The library, located in the north wing, opened in 1926. It housed 2,000 volumes and could seat approximately 85 students. The room was furnished with oak tables with “battleship linoleum writing surfaces.” The upper parts of the walls were painted white while the lower walls were of greenish-brown stained woodwork.

Roosevelt did not have an easy time remaining open. It was first threatened with closure in 1929, but it weathered the threat and continued to grow for the next two decades. During the 1950s, however, education trends began to shift away from university maintained laboratory schools. The first of these to close shut its doors in 1955, and in 1961, Roosevelt was again threatened with closure. Again, it survived, but time was running out.
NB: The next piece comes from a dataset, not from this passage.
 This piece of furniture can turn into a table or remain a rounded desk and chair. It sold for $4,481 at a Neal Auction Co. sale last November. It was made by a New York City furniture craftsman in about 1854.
In 1966, the Educational Appropriation Act (Public Act 285) passed the state congress. It required that Roosevelt School be completely phased out by June 1969. Roosevelt School’s career had come to an end and so had the tradition of a university laboratory school, begun in 1853 with cramped classrooms in the Old Main building.

One student, saddened by the close of the school published this eulogy in the Rough Rider, Roosevelt School student newspaper:

“Since it must go
Let it go out in a style
Typical of Roosevelt…
With dignity…
The school is dead
Long live the school.”

In 1973 Roosevelt was remodeled and expanded to be used as EMU classroom space. A $2.1 million dollar appropriation made it possible to update Roosevelt for the Home Economics and Military Science Departments. Three-quarters of the space was granted to Home Economics allowing it an opportunity for more extensive research and consulting. The military facilities included a gun range in the basement that could accommodate 20 people at a time. A minor in military science was available from the school.

Today the building still houses the Military Science Department but also house the Department of Human, Environmental, and Consumer Resources.